Retirement
A short-term fix: Lack of strategy behind super withdrawals
A large proportion of Australians who have withdrawn their super early as a result of financial hardship have not even stopped to consider how it will impact their savings at retirement.
A short-term fix: Lack of strategy behind super withdrawals
A large proportion of Australians who have withdrawn their super early as a result of financial hardship have not even stopped to consider how it will impact their savings at retirement.
Joint research from the ARC Centre of Excellence in Population Ageing Research (CEPAR) and super fund Cbus has discovered that the urgent short-term need for funds has driven the majority of decisions by Australians to withdraw some or all of their superannuation savings without much thought to the impact it would have on their future superannuation outcomes.
Just recently, nestegg reported that Australians have now collectively taken $33.3 billion from the superannuation savings pool since the early access to super scheme was announced by the Morrison government back in March.
To undertake the research, more than 3,000 Cbus members were surveyed who had withdrawn some or all of their superannuation savings in the first phase of the scheme, between April and June 2020.
According to the analysis, most respondents withdrew the upper limit: $10,000.

Seven in 10 respondents (70 per cent) took the $10,000 and had a balance of more than $1,000 remaining after the event.
A further 25 per cent of surveyed members “withdrew almost their entire account balance”.
“Immediate financial need” was the most common reason for accessing superannuation savings, with 59 per cent of respondents attributing this as the main factor.
Concerns for future expenditures was the second most commonly cited reason for participation in the scheme, at 27 per cent.
Around half of respondents reported spending a week or less thinking before they decided if they would apply for early release.
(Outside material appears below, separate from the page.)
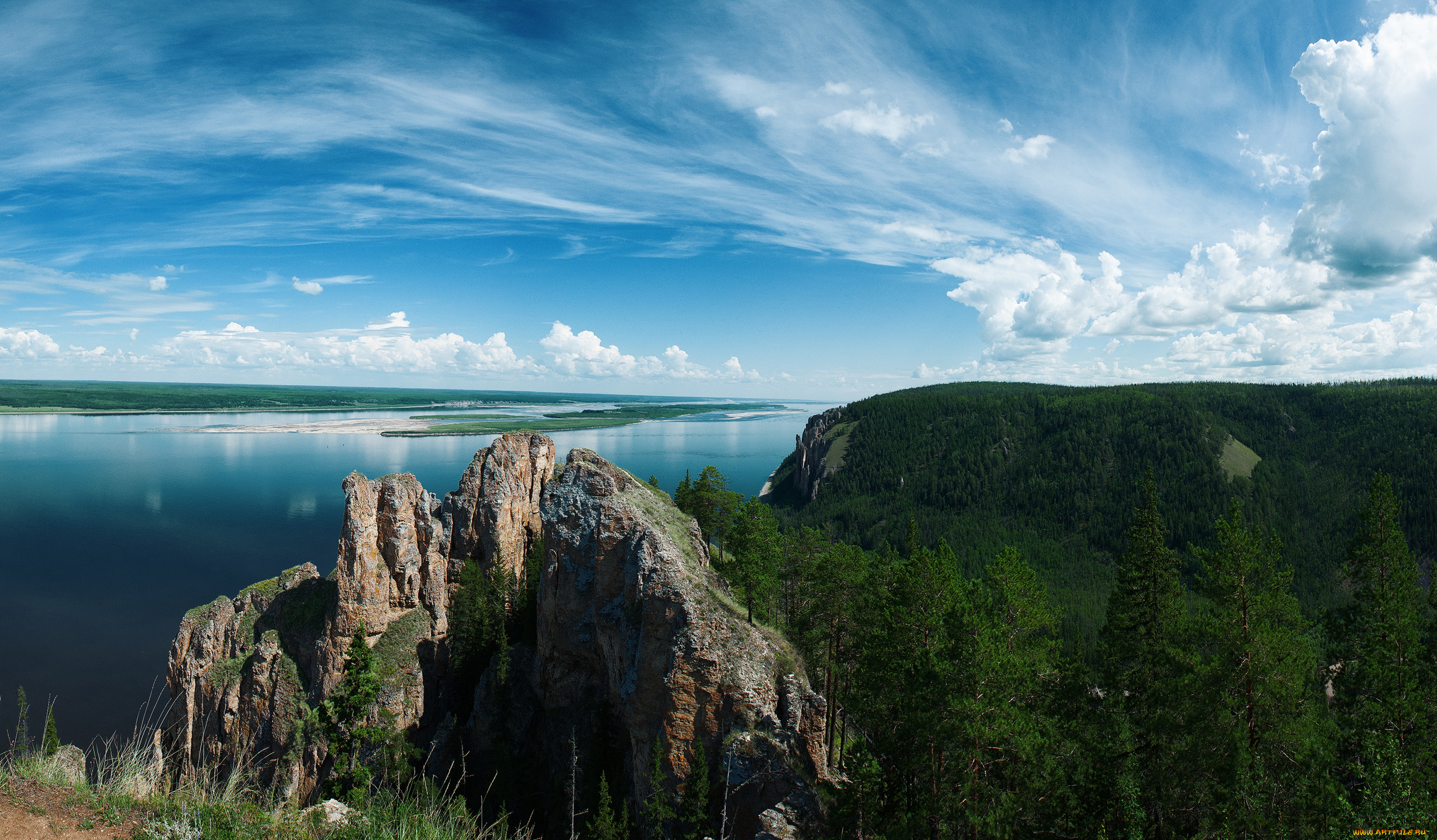 lena pillars, , , , , , lena, pillars, , ,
More than a quarter (28 per cent) “either made up their minds immediately or within a day of hearing about the scheme”.
Worryingly, around one-third of respondents indicated they were “unsure of, or unconcerned about, the long-term consequences of their withdrawal”.
In addition, half of surveyed applicants said they had either underestimated, or didn’t estimate at all, the impact of the withdrawal on their superannuation balance at retirement.
According to co-author Hazel Bateman, a professor of economics at the UNSW School of Risk and Actuarial Studies, the findings demonstrate “that many withdrawers either could not or did not evaluate the impact of their decision”.
But the report was able to reveal that members who collected information from Cbus and from other sources, such as news services or social media, were half as likely to decide to withdraw within one day or less than members who used no information.
Those members who had spent longer thinking and consulted more information sources before withdrawing their savings were reported as holding more realistic expectations of impacts on retirement wealth.
“This shows that more attention to information is related to an attempt to assess impact on retirement balances,” Professor Bateman said.